JC: That delicious engine. The BMW S14B23 gets all the glory, but let me tell you, it doesn’t hold a candle to the M102.983 in sound, smoothness, or the way it delivers power. It’s a big-bore short-stroke (95.5×80.25 mm!), 10.5:1 screamer that throws out its peak 185 horsepower in a dyno-operator-stunning plateau that’s as flat as Kansas all the way from 5500 rpm to its 7100-rpm fuel cut. Horsepower plateau, kids—not torque. I ain’t never seen nuthin’ like this car’s dyno plot, and neither have you.
Today’s tiny four-cylinders need balance shafts and active engine mounts to shut them up; thanks to its architecture, this big ol’ four needs neither, and is nearly as smooth as a six. The exhaust is almost completely muffled (who wants to hear a four-banger?) but there’s seemingly nothing standing in the way of the haunting Cosworth induction noise. In race trim, these engines spun to 10,000—my only complaint about the street version is that it kills the fun at 7,100.
PS: When you’re pushing the motor at the limit, how does the chassis respond?
JC: I called my last W201 “Irene.” Her personality was that of a gray-haired librarian named Irene, who read lots of books through her small, wire-framed reading glasses. She went to church. She wore frumpy clothing. But nobody realized was that she was banging the entire college football team. Looking at Irene, or Klara (this car), or any 190E 2.3-16, you’d never believe what it was capable of doing.

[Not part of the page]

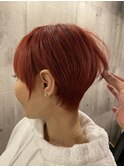 レッドカラーでモードなグラデーションショート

There are a few Mercedes-isms you have to work around with the 2.3-16 though. The shifter won’t be rushed, especially when the car is under high lateral loads. The Recaros don’t hold you nearly as tightly as their big bolsters would have you believe. And she’s got more body roll than a Jenny Craig conference, so you’ll need to slow your hands way down on turn-in.
Cornering grip is, in a word, modern. But, and here’s the thing: handling isn’t. The 2.3-16 is so incredibly neutral at its limit that you’d think there was computer trickery happening. The tiniest level of mid-corner understeer gives way to power oversteer that’s doled out by the accelerator pedal in increments of a tenth of a degree of slip. Whatever drift-angle you want? It’s yours, and it all happens in slow motion; the body roll and sidewall flex filing the sharp edges off of all its motions. An E30 M3 has nothing on the Mercedes when it comes to cornering balance and stability. Then again, Mercedes spent about as much developing the W201’s rear suspension as BMW did developing the entire E30.
PS: It is crazy how Mercedes used to design and build cars even in the that late an era. Their chassis were built to last 10 years plus, before a replacement would be developed. So, the 190E 2.3-16 is the unsung hero that pushed the limits in racing and it gave us the E30 M3; does it live up to the DTM legend?
JC: No, it f@#king crucifies it.
PS: Thank you so much for sharing your wonderful 190E 2.3-16 with us.
JC: Thank you for letting me nerd out about all things Mercedes 190E.